Observability & Profiling¶

Updated: 2026-04-16 | Environment: OSC Pitzer, V100 (16 GB), CUDA 12.6, PyTorch 2.8, PyG 2.7

Architecture¶

Two stores: MLflow for run-level metadata + scalar metrics timeseries + device telemetry, OTel for spans + structured-log events. They share a Resource populated by SlurmResourceDetector and an identity-derived run_name that links rows across both.

Phase A (process startup — graphids/_otel.py:init_providers, called from the Typer @app.callback() in graphids/cli/app.py): - TracerProvider + optional Wandb Weave OTLP exporter (gated on WANDB_API_KEY) - LoggerProvider -> ConsoleLogRecordExporter(out=stderr) + LoggingHandler bridges stdlib logging -> OTel - SlurmResourceDetector merges SLURM env vars into the shared Resource

Phase B (after run_dir is known — graphids/_otel.py:wire_file_exporters, called from cli/training.py::_prepare): - BatchSpanProcessor -> ConsoleSpanExporter(out=run_dir/traces.jsonl) — the training.fit span + structured-log events

Phase C (at fit-start — graphids/_mlflow.py::start_training_run, called from orchestrate/stage.py::train): - Opens MLflow run (SQLite backend at {lake_root}/mlflow.db), logs params/tags/cache_digest - Enables MLflow system-metrics sampler (background thread, 5s interval) — GPU util, VRAM, CPU, memory, disk, network - MLflowTrainingCallback appends per-epoch train_loss/val_loss/lr/early_stop.wait at step=epoch - At fit-end: peak VRAM + epochs_run + ckpt SHA256 tag, run closes with status FINISHED (or FAILED on exception)

Wired tooling¶

Layer	Tool	Where
Run metadata + scalar metrics	MLflow SQLite backend	`graphids/_mlflow.py`
Per-epoch metrics	`MLflowTrainingCallback`	`configs/_lib/defaults.libsonnet` callbacks.mlflow
Device telemetry (GPU/CPU/mem)	MLflow system-metrics sampler (psutil + nvidia-ml-py)	`_mlflow.start_training_run`
Structured logging	`_StructuredAdapter` -> `LoggingHandler`	`graphids/_otel.py`
Traces + log events (per-run)	`traces.jsonl` via `ConsoleSpanExporter`	`{run_dir}/traces.jsonl`
Wandb Weave (optional)	OTLP HTTP exporter to `trace.wandb.ai`	`graphids/_otel.py`, gated on `WANDB_API_KEY`
Op-level profiling	PyTorchProfiler (chrome traces)	`scripts/run --mode gpu --length short --command "python -m graphids profile"`
SLURM job accounting	sacct summary + log rotation	`_epilog.sh`
CUDA alloc config	`expandable_segments:True,garbage_collection_threshold:0.8`	`_preamble.sh`
Mixed precision	`precision: 16-mixed`	`configs/_lib/defaults.libsonnet`
Gradient checkpointing	`use_reentrant=False`	`_conv.py`

MLflowTrainingCallback (`graphids/core/mlflow_callback.py`)¶

Installed via defaults.libsonnet callbacks.mlflow.

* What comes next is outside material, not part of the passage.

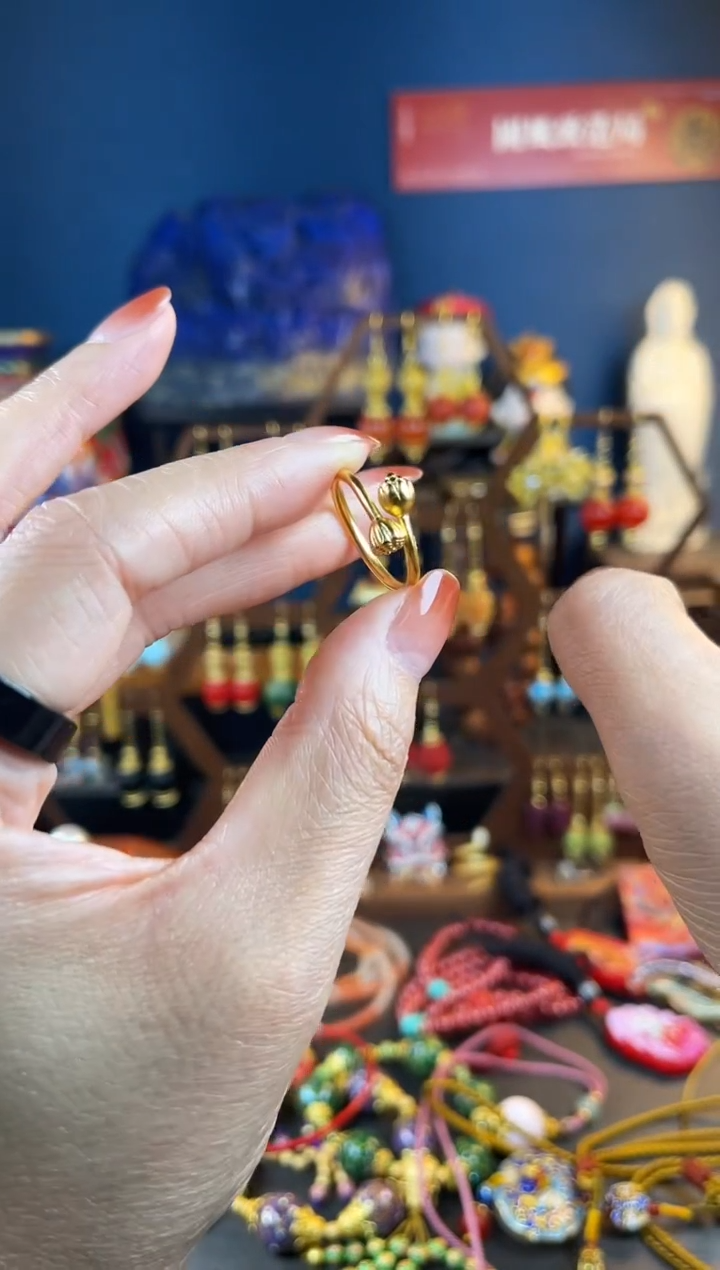 【闪购商品】106号珐琅景泰蓝戒指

Run lifecycle is owned by _mlflow.start_training_run (called from stage.train before trainer.fit); this callback only writes into the active run.

on_train_epoch_end: mlflow.log_metrics({train_loss, val_loss, lr, early_stop.wait, early_stop.best_score}, step=current_epoch)
on_fit_end: log_final_fit(peak_vram_mb, epochs_run, best_ckpt_path, run_dir) + end_training_run("FINISHED")
on_exception: end_training_run("FAILED")

Device telemetry is captured by MLflow's background system-metrics thread while the run is active — no per-batch NVML hooks needed. Span lifecycle for training.fit is a single span created implicitly via trainer.fit wrapping; cross-stage KD lineage (VGAE→GAT→fusion) is recoverable via graphids.ckpt_sha256 tags + upstream ckpt paths stored in downstream resolved.json.

Storage layers¶

MLflow run store ({lake_root}/mlflow.db + mlartifacts/) — authoritative for run metadata, params, per-epoch scalar metrics, and device telemetry. One fit-phase row (opened at fit-start, closed at fit-end) + one test-phase row (post-hoc sink in stage.evaluate), both sharing run_name = {group}_{variant}_{dataset}_seed{N}[_{cluster}] and distinguished by the graphids.phase tag. Query via mlflow.search_runs or client.get_metric_history(run_id, key).
Per-run traces ({run_dir}/traces.jsonl) — OTel spans + structured-log events (budget_probed, vram_drift_detected, early_stopping, etc.). Parsed by graphids/core/run_io.py::load_traces (polars NDJSON). Useful for debugging single runs; not a query surface for cross-run analysis.

GPU profiling tools¶

Tool	Best for	On OSC?
`torch.cuda.max_memory_allocated()`	Peak memory -> batch sizing	Yes
`torch.cuda.memory._record_memory_history()`	Memory leak debugging (pickle -> pytorch.org/memory_viz)	Yes
`torch.profiler.profile`	Per-operator cost, CPU<->GPU gaps (JSON/CSV)	Yes
nsys (`module load nvhpc/25.1`)	System-wide CPU<->GPU bottlenecks	Yes
ncu (`module load nvhpc/25.1`)	Per-kernel roofline (10-100x slower)	Yes

nsys invocation (OSC)¶

module load nvhpc/25.1  # nsys 2024.7.1.84
nsys profile --pytorch=autograd-shapes-nvtx -t cuda,nvtx,osrt,cudnn,cublas \
  -o /fs/scratch/PAS1266/profiles/my_run \
  python -m graphids fit --config configs/stages/autoencoder.jsonnet

nsys stats my_run.nsys-rep                                          # summary
nsys stats --report cuda_gpu_kern_sum --format csv my_run.nsys-rep  # kernel CSV
nsys export --type=sqlite my_run.nsys-rep                           # for queries

Focused profiling: torch.cuda.cudart().cudaProfilerStart() / Stop() in code, then nsys profile --capture-range=cudaProfilerApi ...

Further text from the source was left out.